Rynki finansowe uodporniły się nie tylko na wypowiedzi polityków, ale również ekonomistów. Mimo ostrzeżeń płynących z ich strony złoty znów się umocnił. Zdrożały również obligacje – głównie dwuletnie. Po pokonaniu w środę istotnych dla złotego poziomów, wczoraj nasza waluta kolejny raz zyskała na wartości. Zdaniem dilerów wciąż utrzymuje się duża aktywność inwestorów zagranicznych – choć wczoraj była nieco mniejsza, co mogło być związane z oczekiwaniem na dzisiejszą decyzję Rady Polityki Pieniężnej w sprawie stóp procentowych.

Po 10 października abonenci sieci komórkowych będą mogli zmienić operatora zachowując dotychczasowy numer telefonu – poinformował rzecznik Urzędu Regulacji Telekomunikacji i Poczty. Choć ustawa Prawo telekomunikacyjne gwarantuje każdemu abonentowi sieci komórkowej i stacjonarnej prawo do zachowania numeru, zapis ten pozostaje na papierze.

Gazeta Prawna

Do końca lutego dorabiający w 2004 r. emeryci i renciści muszą powiadomić ZUS o wysokości przychodu osiągniętego w poprzednim roku kalendarzowym. Obowiązek ten ciąży także odpowiednio na pracodawcy i zleceniodawcy, a w przypadku osoby pełniącej służbę – na właściwej komórce kadrowej. Ze składania oświadczeń zwolnieni są emeryci, którzy ukończyli 60 lat (kobiety) lub 65 lat (mężczyźni) przed podjęciem działalności podlegającej obowiązkowo ubezpieczeniom społecznym.

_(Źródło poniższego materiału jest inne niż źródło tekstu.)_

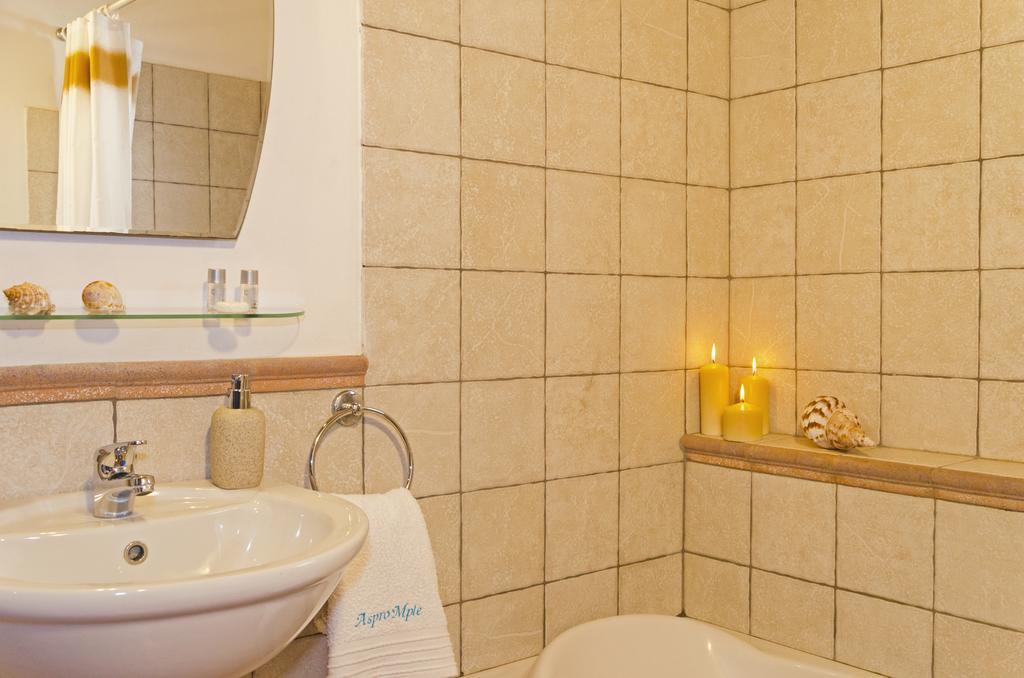 Aspro Mple Appartement Astypálaia Kamer foto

Wprowadzenie od 1 marca br. 22-proc. stawki VAT na dostęp do internetu nie może być traktowane jako podwyżka cen i firmy nie muszą informować klientów o podwyższeniu opłat z tego powodu – uważają cytowani przez PAP przedstawiciele Polskiej Izby Telekomunikacji i Informatyki.

Polska wdrożyła już cały dorobek prawny UE w zakresie ochrony oznaczeń geograficznych i produktów tradycyjnych. Dzięki nowym regulacjom ministerstwo może prowadzić rejestr produktów o regionalnym i tradycyjnych charakterze – poinformował wczoraj minister rolnictwa Wojciech Olejniczak. Obecnie jednak tylko trzy polskie produkty ubiegają się o rejestrację w Unii Europejskiej: oscypek, bryndza i miód wrzosowy z terenów Dolnego Śląska. Wojciech Olejniczak zaznaczył jednak, że wniosków rejestracyjnych powinno być z czasem więcej, gdyż uzyskanie ochrony przynosi producentom wiele korzyści.